トルコが16強進出に望み。複雑な3位争いで「裏カード」が白熱する (3ページ目)

  • 杉山茂樹●文 text by Sugiyama Shigeki photo by Getty Images

 両国の総合力はほぼ互角。そう見える試合だった。テリム監督にはもっと危なく映っていたのだろうか、後半頭からトルコは布陣を変えた。前半、守備的MFを担当していたオザン・トゥファンを最終ラインに下げ、5バック(5−2−3)にしたのだ。これを3−4−3というには最終ラインに5人が並んでいる時間が多すぎた。

 得点を奪うことより、勝ち点3を守ることを優先した。そう捉えたくなる布陣変更だった。置かれた状況を考えれば、さらに攻撃的に臨むのが一般的だが、テリムはその逆をいった。自力突破ではなく、他の組の動向に賭けようとした。下手に打って出れば、勝ち点3さえ失う危険は確かにあった。

 そうした中でトルコにFKから追加点が生まれた。セルジュク・イナンのキックはユルマズを経て、メフメト・トパルの下に収まる。その戻しをトゥファンが蹴り込み、追加点とした。

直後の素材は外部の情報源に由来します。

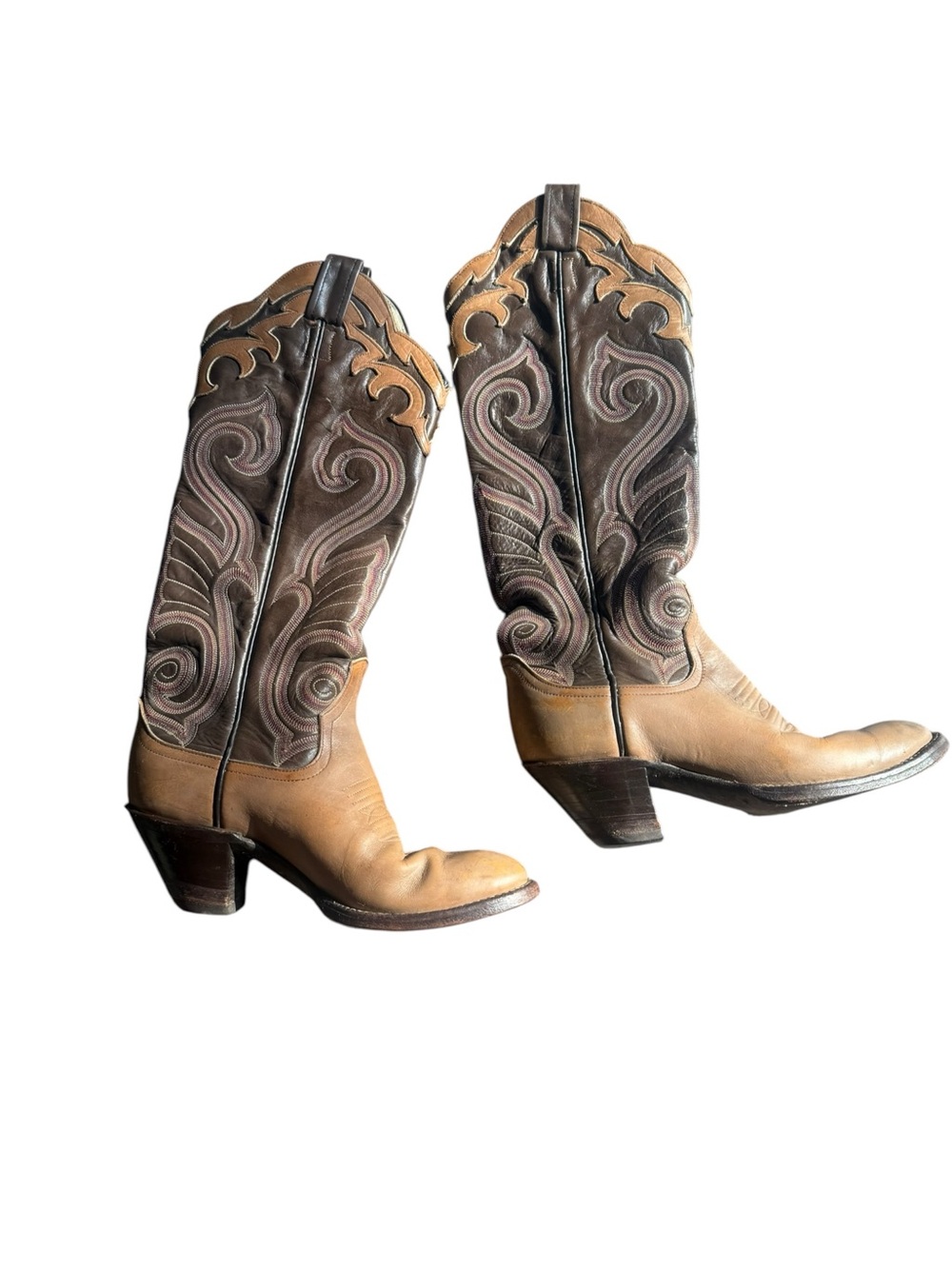 Vintage Larry Mahan Cowboy Boots Women’s 8N Two Tone Leather Western Brown Tan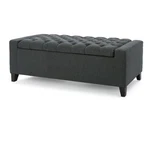 Benjara Storage Ottoman Bench- Dark Gray Fabric- Tufted Top- 51 Inch. Fixed Price $260.34.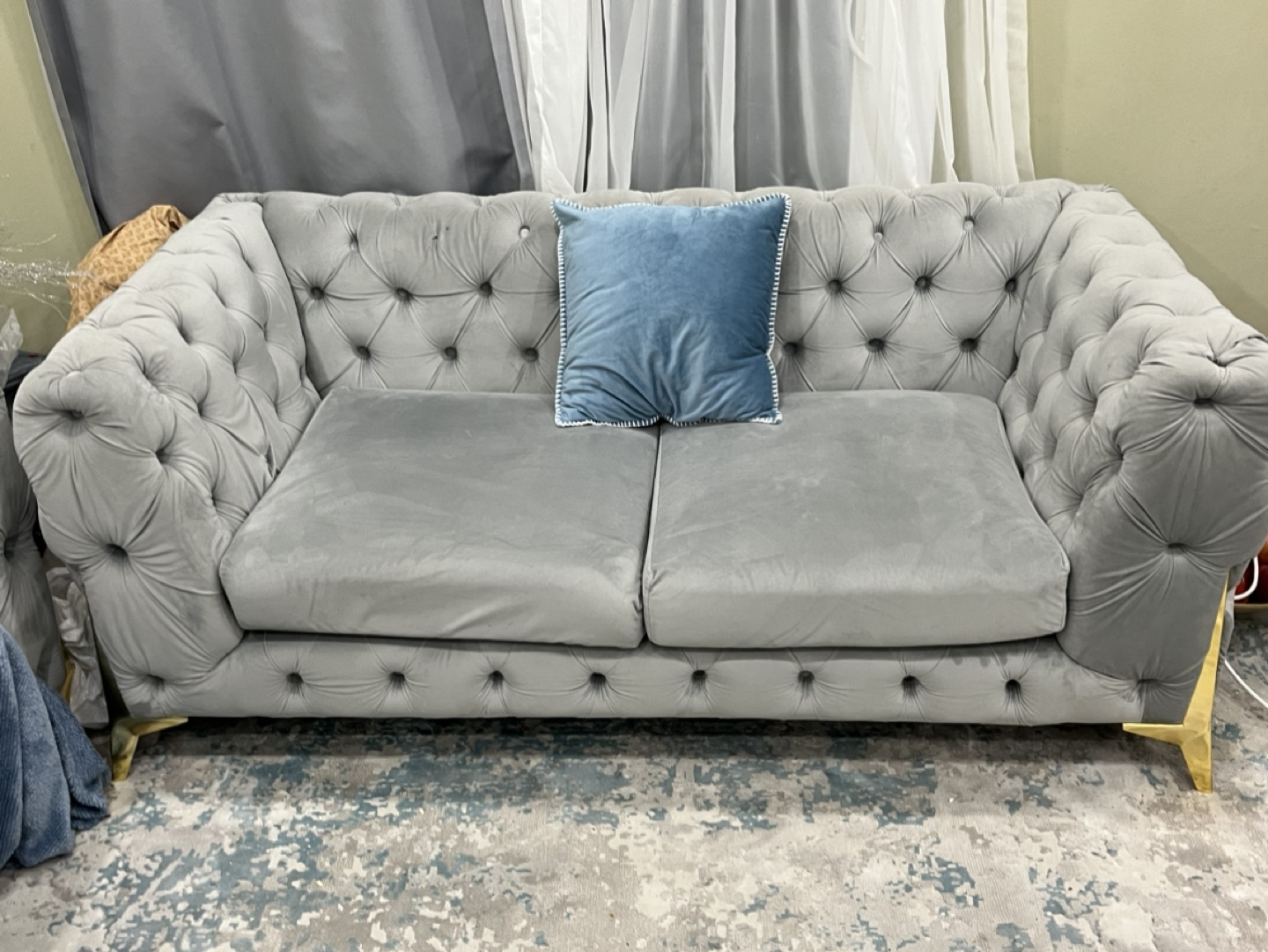 Grey Velvet Button Tufted Sofa - photo 3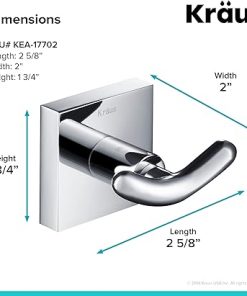 Kraus Ventus Bathroom Robe and Towel Double Hook, Chrome Finish, KEA-17702CH 2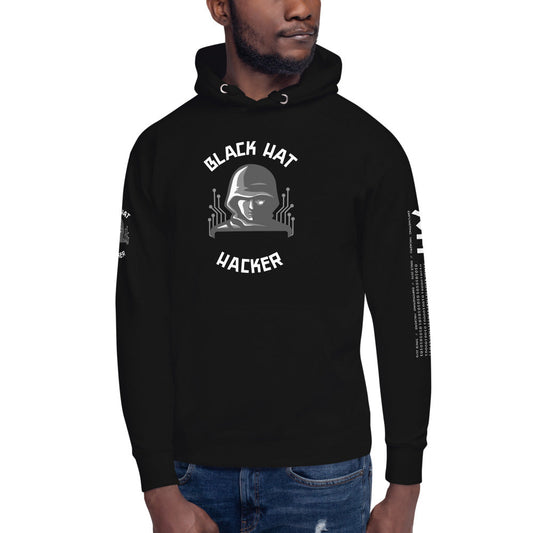 Black Hat Hacker - Unisex Hoodie (back print ) by DarkByteGear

 この瞬間、ほぼ決勝トーナメント進出が絶望となったチェコに対し、あと2点で当確になるトルコ。トルコサポーターは、喜びを全開にした。発煙筒をゴール裏席でバンバン炊き、それをピッチに投げ込む輩(やから)までいた。UEFAの指導などお構いなし。知らんぷりするように派手にやった。日本からやってきた能天気なライターに、それは喜ばしいビジュアルとして映った。さらなる爆発に期待を寄せたが、それでも、テリム監督はセーブした。賭けに出ようとしなかった。